**Extracted information:**
• • • • •

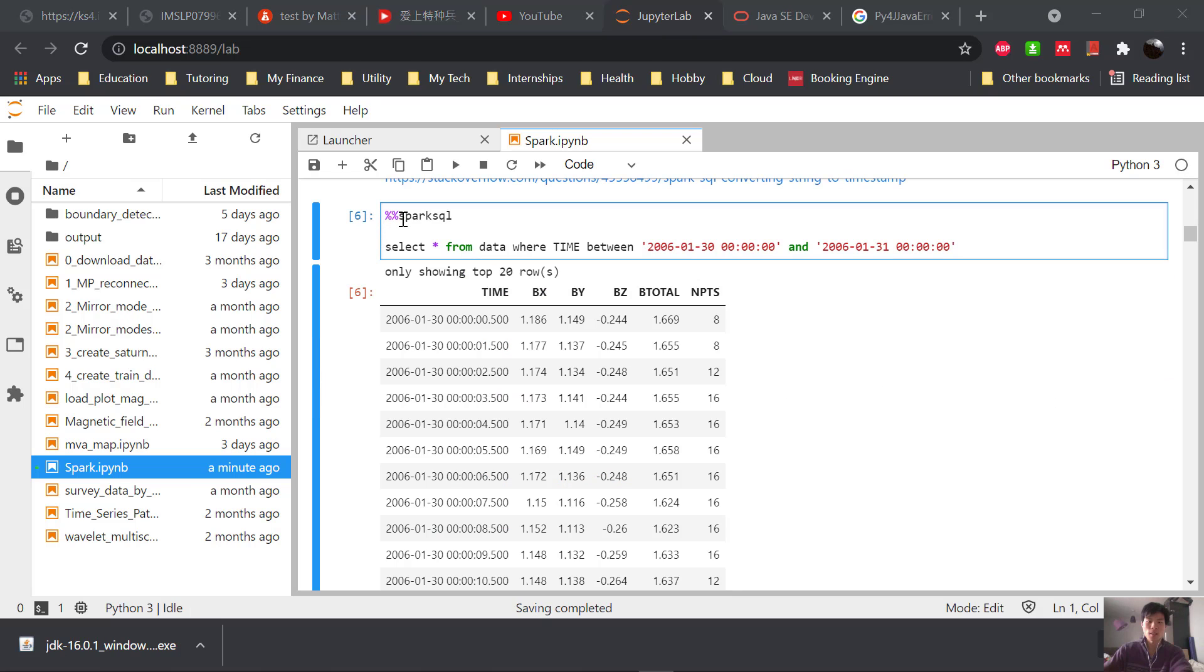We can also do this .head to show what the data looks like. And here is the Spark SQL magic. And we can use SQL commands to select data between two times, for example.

• • • • •

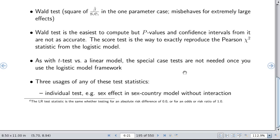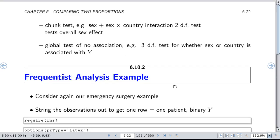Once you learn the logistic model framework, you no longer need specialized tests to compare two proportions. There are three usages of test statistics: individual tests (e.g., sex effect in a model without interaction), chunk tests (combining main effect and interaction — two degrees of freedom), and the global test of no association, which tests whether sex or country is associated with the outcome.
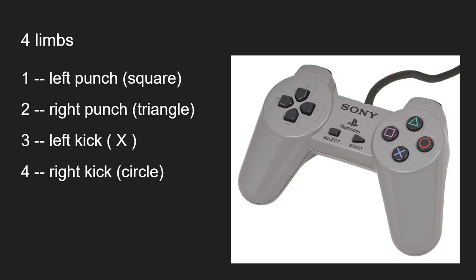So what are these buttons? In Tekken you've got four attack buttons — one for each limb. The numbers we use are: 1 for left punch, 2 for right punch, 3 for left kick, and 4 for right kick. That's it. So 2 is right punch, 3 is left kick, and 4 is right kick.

• • • • •

**What is needed:** Your answer must be the exact lines from the records above, from the one containing "Once you learn" through the one containing "So what are", both included, with every picture left out.

**Final answer:**
Once you learn the logistic model framework, you no longer need specialized tests to compare two proportions. There are three usages of test statistics: individual tests (e.g., sex effect in a model without interaction), chunk tests (combining main effect and interaction — two degrees of freedom), and the global test of no association, which tests whether sex or country is associated with the outcome.
So what are these buttons? In Tekken you've got four attack buttons — one for each limb. The numbers we use are: 1 for left punch, 2 for right punch, 3 for left kick, and 4 for right kick. That's it. So 2 is right punch, 3 is left kick, and 4 is right kick.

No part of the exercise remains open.